Information provided START
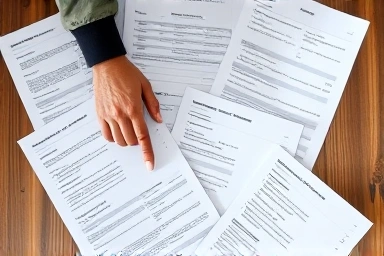 Comparing car insurance policies, hands pointing to details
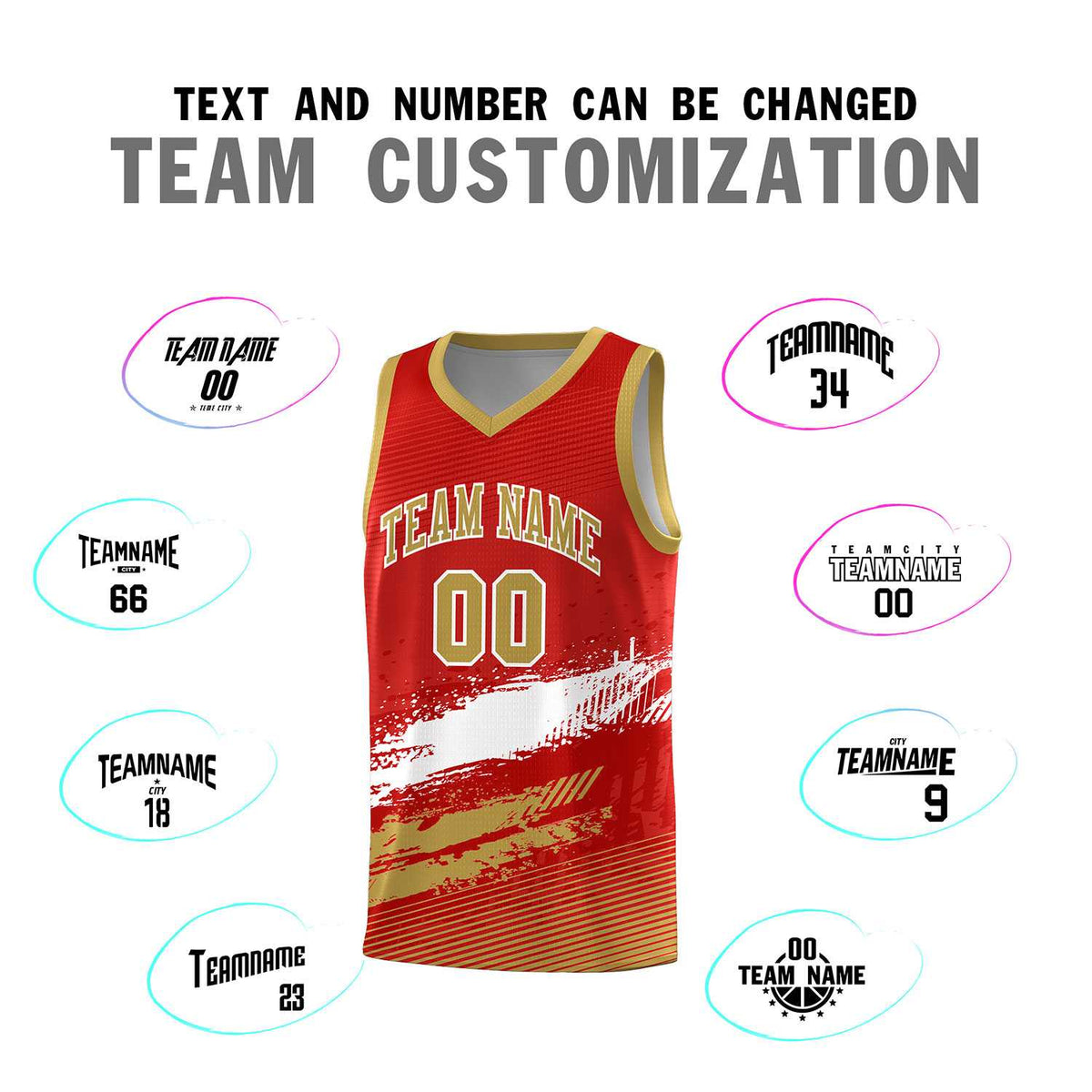 Custom Red White and Old Gold Graffiti Pattern Sports Uniform Basketball Jersey|KXKSHOP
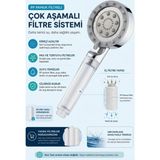 Segy Home Yüksek Basınçlı Su Tasarruflu Arıtmalı Duş Başlığı - Silikon Masaj Etkili Filtreli Tazyikli Banyo Başlığı - Beyaz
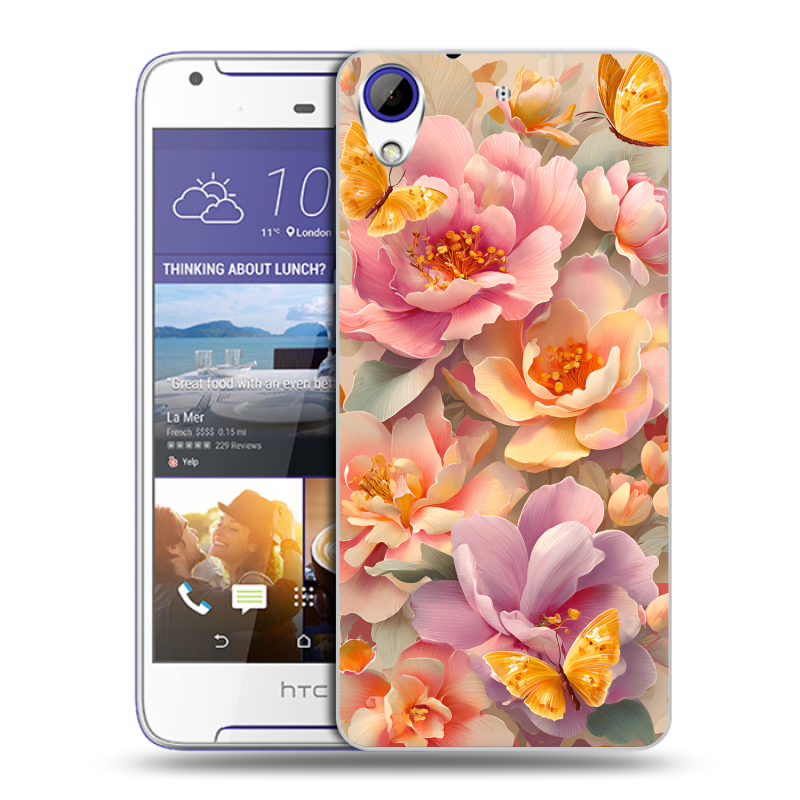 Пластиковый чехол на HTC Desire 830 с принтом Цветы и бабочки Пластиковый чехол на HTC Desire 830 с принтом Цветы и бабочки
Information provided END
Reproduce the material above verbatim; omit every picture.

Exercise output →
 Comparing car insurance policies, hands pointing to details
 Custom Red White and Old Gold Graffiti Pattern Sports Uniform Basketball Jersey|KXKSHOP
 Segy Home Yüksek Basınçlı Su Tasarruflu Arıtmalı Duş Başlığı - Silikon Masaj Etkili Filtreli Tazyikli Banyo Başlığı - Beyaz
 Пластиковый чехол на HTC Desire 830 с принтом Цветы и бабочки Пластиковый чехол на HTC Desire 830 с принтом Цветы и бабочки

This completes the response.